STO (Security Token Offering)
A regulated fundraising method where blockchain tokens represent ownership in an underlying asset — such as equity, debt, real estate, or revenue shares — and comply with securities laws. STOs offer more investor protection than ICOs through regulatory compliance, including investor accreditation requirements, prospectus filings, and transfer restrictions.
“A real estate company might conduct an STO to sell fractional ownership of a commercial building, with each security token representing an equity share and entitling holders to rental income distributions.”
ICO (Initial Coin Offering)
A fundraising method where a cryptocurrency project sells newly created tokens to early investors before the token is publicly tradable. ICOs were extremely popular in 2017-2018 but attracted significant regulatory scrutiny due to widespread scams and securities law violations.
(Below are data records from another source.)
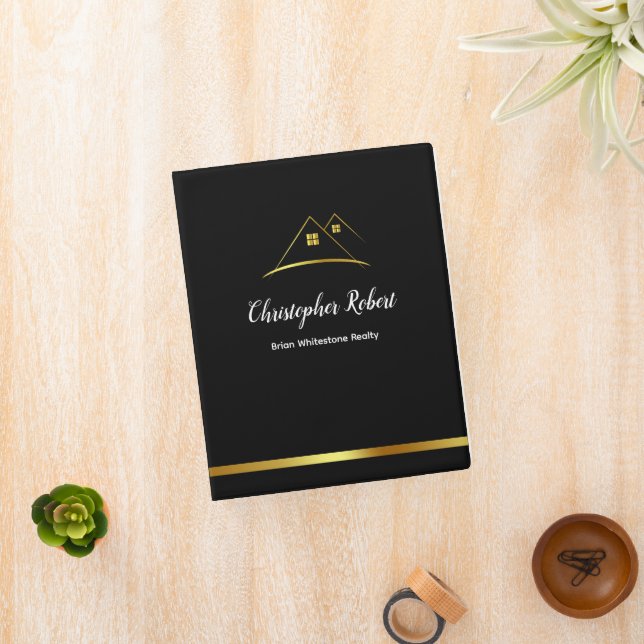 Modern Golden House Logo Real Estate Mini Binder (InSitu)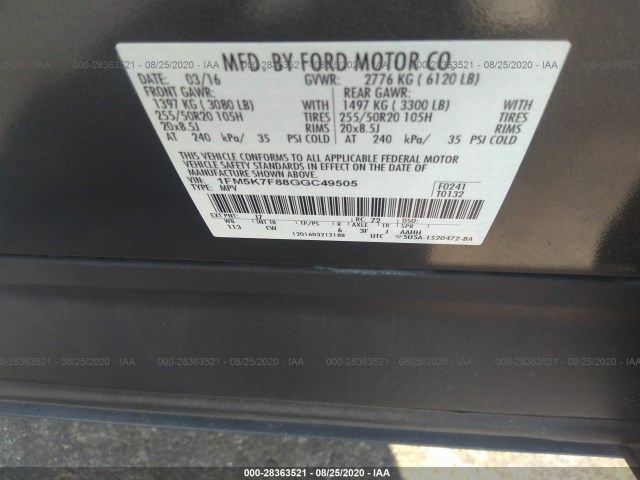 Photo 8 VIN: 1FM5K7F88GGC49505 - FORD EXPLORER 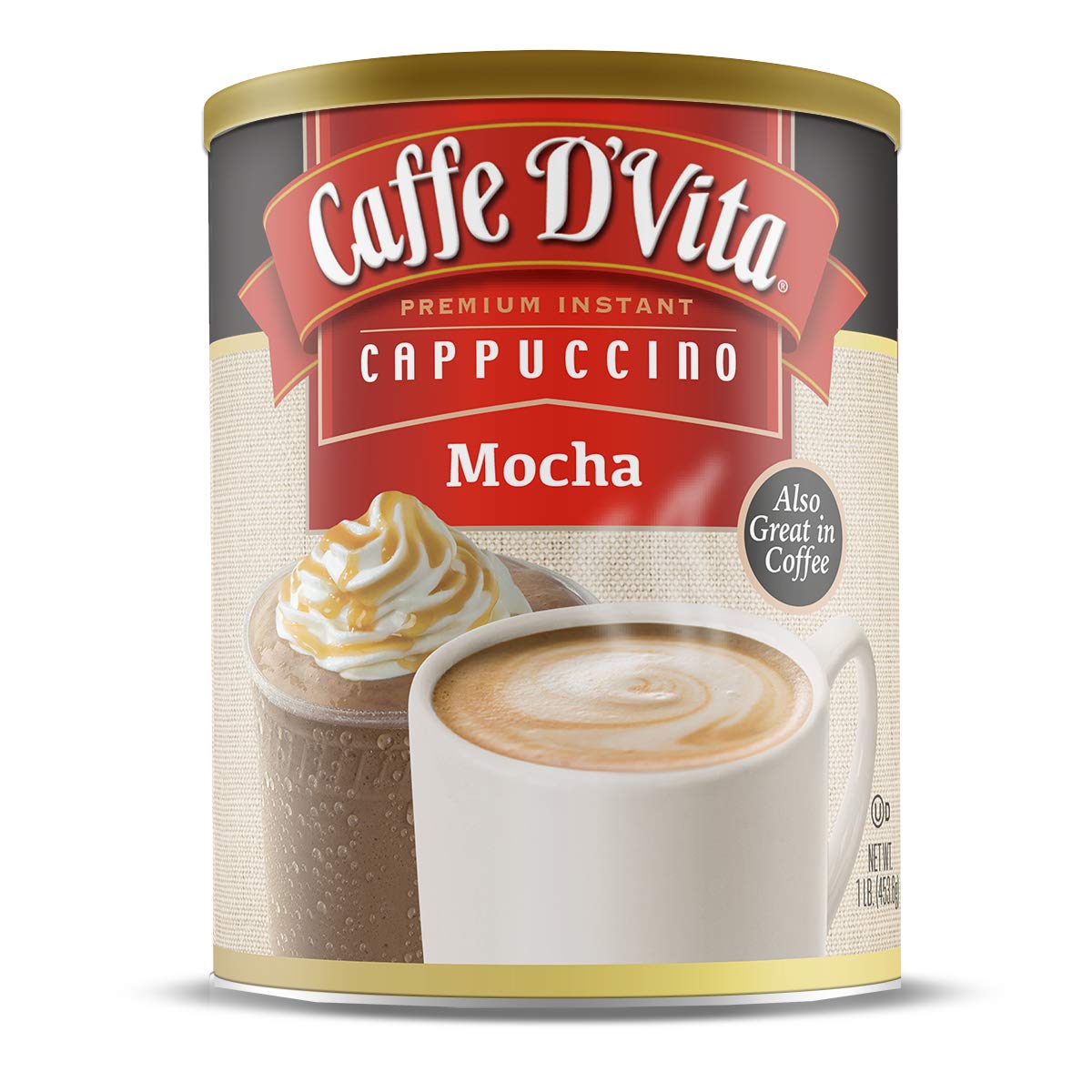 Caffe D’Vita Mocha Cappuccino Mix - Mocha Powder Mix, Instant Cappuccino Mix, Gluten Free, No Cholesterol, No Hydrogenated Oils, No Trans Fat, 99% Caffeine Free, Mocha Mix- 1 Lb Can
Many jurisdictions now require ICOs to comply with securities regulations.
Security Token
A blockchain token that represents ownership in a regulated financial asset — such as equity in a company, a debt instrument, real estate, or a fund — and is subject to securities laws in the issuing jurisdiction. Security tokens must comply with regulations like SEC's Regulation D or Regulation S, including investor accreditation, transfer restrictions, and reporting requirements.
Compliance
The adherence to regulatory requirements governing cryptocurrency businesses, including Anti-Money Laundering (AML) rules, Know Your Customer (KYC) procedures, securities laws, tax reporting obligations, and sanctions screening. Regulatory frameworks vary significantly by jurisdiction and are rapidly evolving. DeFi's permissionless nature creates unique compliance challenges compared to traditional finance.
RWA (Real World Assets)
Physical or traditional financial assets — such as real estate, government bonds, commodities, private credit, and equities — that have been tokenized and brought on-chain as blockchain tokens. RWA tokenization aims to make traditionally illiquid or access-restricted assets tradeable, fractionally ownable, and composable with DeFi protocols. It is viewed as one of the largest growth opportunities for bridging traditional finance with blockchain.